If individuals with prefrontal deficits can eventually be reliably identified as at-risk for poor treatment outcome, one response may be to implement a more proactive treatment plan, with more frequent monitoring of symptomatology, greater attention to functional disabilities, and multimodal treatment including electroconvulsive therapy and psychotherapy. Relevant to this, one study found that a 12-week treatment of problem-solving therapy was associated with higher remission rates and lower disability among depressed elders with executive dysfunction compared to individuals who were treated with supportive therapy (Alexopoulos et al, 2003). The authors argued that part of this effect was due to the fact that the problem-solving intervention offered alternative behavioral strategies to individuals who were unable to stop repeating their maladaptive responses due to compromised prefrontal function. The therapy was conducted in the absence of pharmacotherapy, and we presume that clinical efficacy would be further enhanced by a combined psychotherapy/pharmacotherapy intervention.

One limitation of the current study is that treatment for depression was not strictly controlled. As our treatment algorithm included individual factors in the decision process, there was variation in the types and duration of pharmacologic agents administered to participants, as well as occasional differences in nonpharmacological treatment. This greater variability among participants may have resulted in additional error variance and also limits our ability to relate our results to a specific neuropharmacologic agent or mechanism. On the other hand, because this algorithm attempts to replicate a naturalistic treatment approach, it may be more representative of real-world outcomes than results based on treatments modeled after clinical trials. Yet, even a naturalistic algorithm does not adequately reflect the manner in which most depressed older adults are treated in the community, which may be best approached by large community-based studies.

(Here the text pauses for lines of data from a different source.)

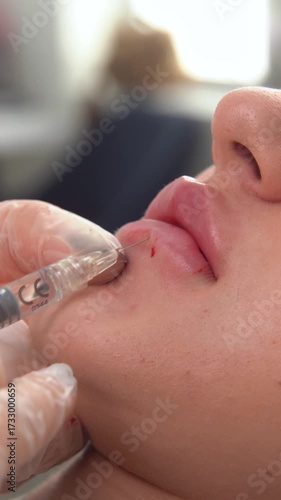 Beautician doctor makes botulinum toxin injection in the lips of young beautiful woman. Colorcorrected 4k vertical shot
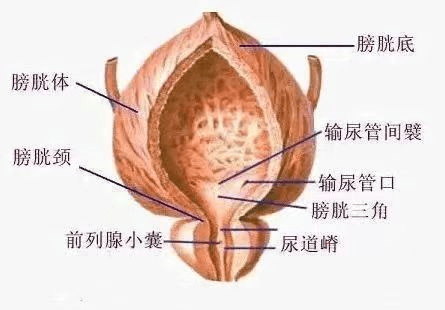 腺性膀胱炎发病原因与下尿路梗阻,泌尿系统慢性感染,泌尿系结石,异物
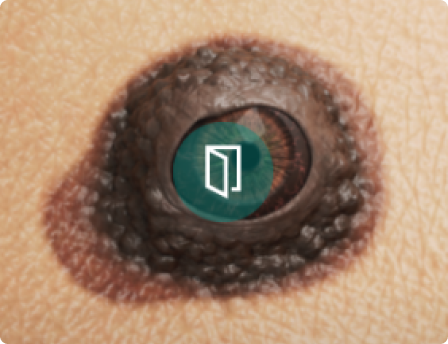 brochure sensibilisation mélanome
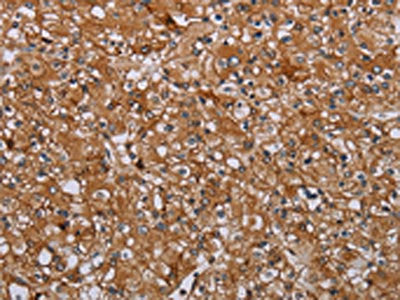 The image on the left is immunohistochemistry of paraffin-embedded Human prostate cancer tissue using CSB-PA188650(ATP2A1 Antibody) at dilution 1/35, on the right is treated with synthetic peptide. (Original magnification: ×200)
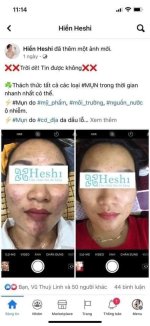 Lý do các chủ Spa, bác sĩ, dược sĩ lựa chọn sản các phương pháp chuẩn y khoa.1_Xambiz by GiangSpa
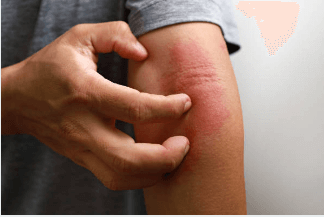 피부염 가려움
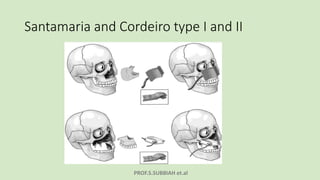 PROF.S.SUBBIAH et.al
Santamaria and Cordeiro type I and II
 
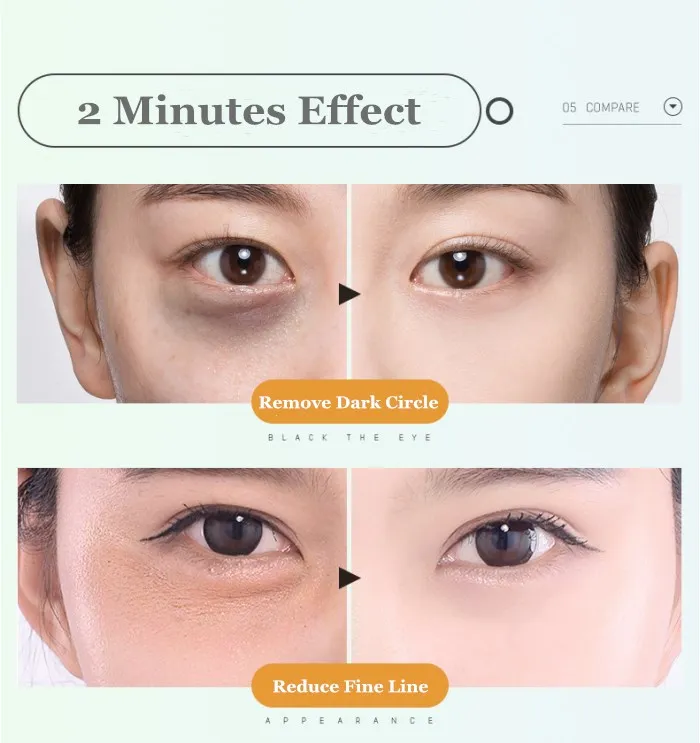 Japan Eye Bag Removal Cream for Dark Circle Treatment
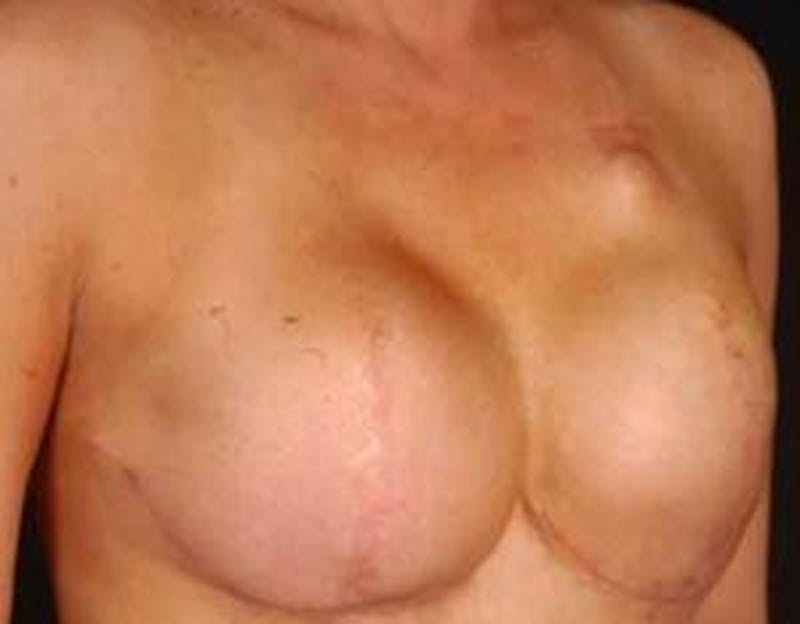 Reconstructive Breast Revision Before & After Gallery - Patient 368508 - Image 5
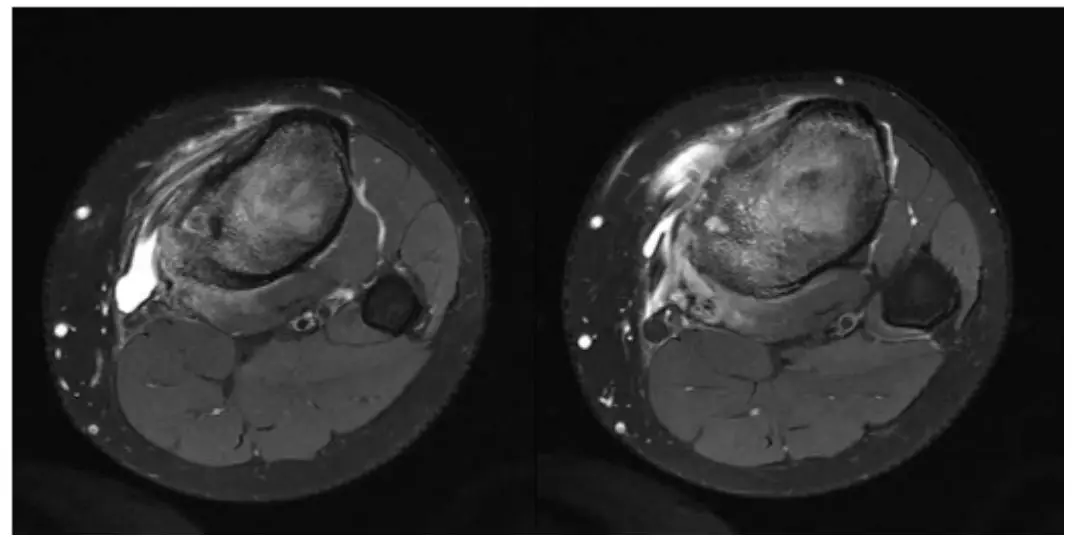 少见的类型:骨样骨瘤的影像诊断,你掌握多少?
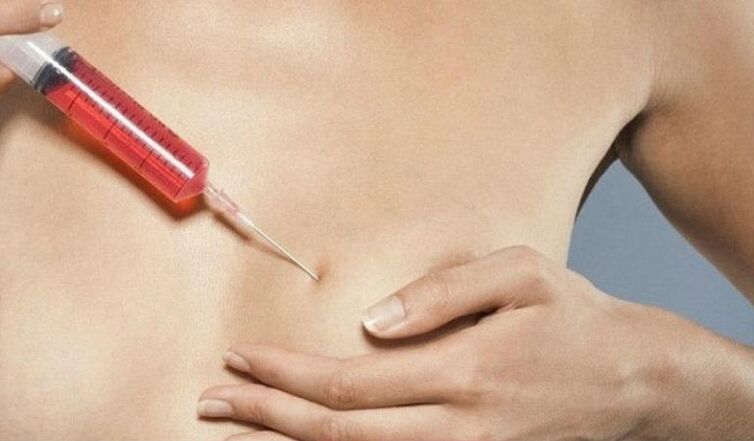 Augmentation mammaire avec injections d'acide hyaluronique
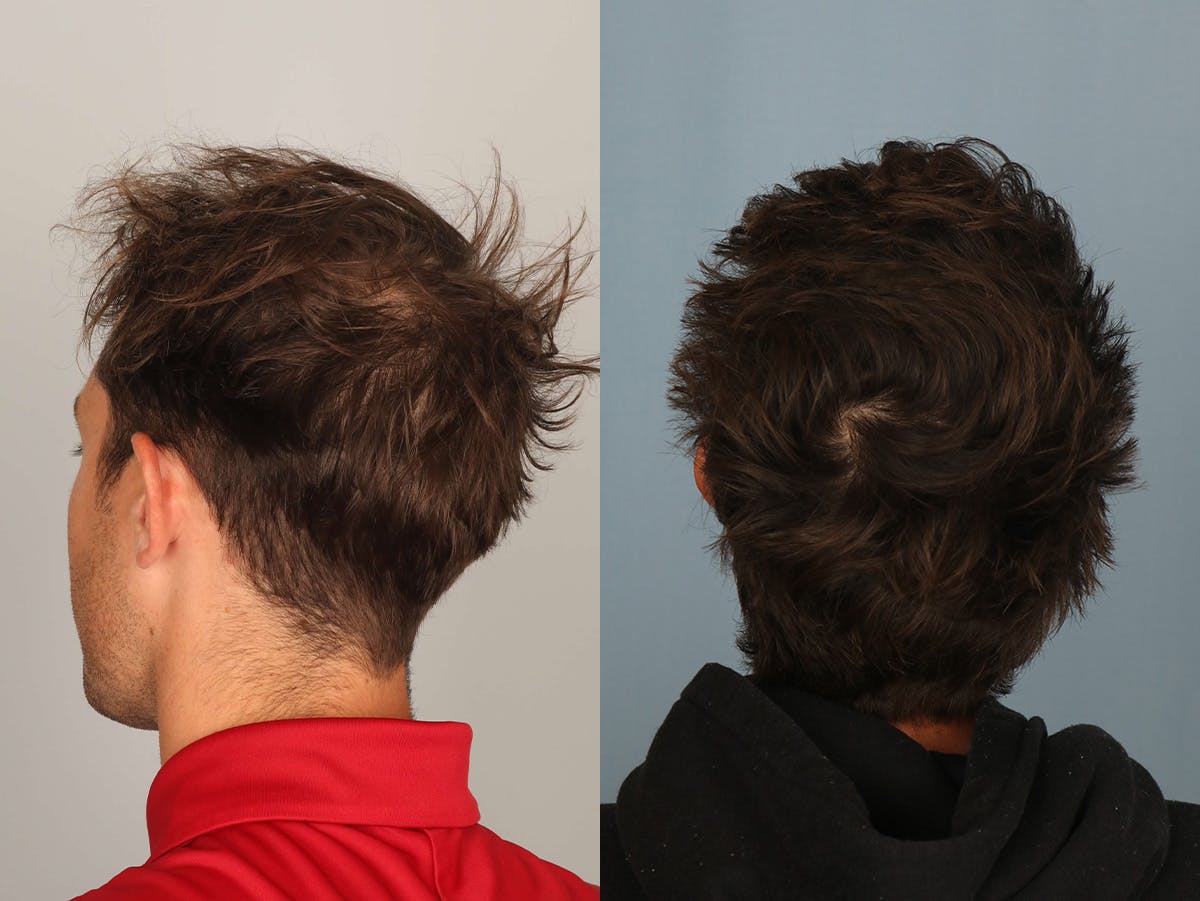 NeoGraft Before & After Gallery - Patient 293639 - Image 3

Another limitation of the current study is the lack of a neuropsychological assessment at follow-up. As a result, we do not know whether neuropsychological performance improved with remission, which would help clarify whether executive dysfunction is an etiology of depression or whether it is reversible with successful treatment.

In summary, the current study found that prefrontal deficits characterized by higher rates of verbal perseveration and poorer simple auditory working memory span were associated with a lower rate of treatment remission in older depressed adults over a 3-month period of pharmacologic treatment. Future studies should continue to examine the contribution of specific prefrontal neuropsychological processes to late-life depression, with particular attention to long-term remission and the prevention of adverse outcomes.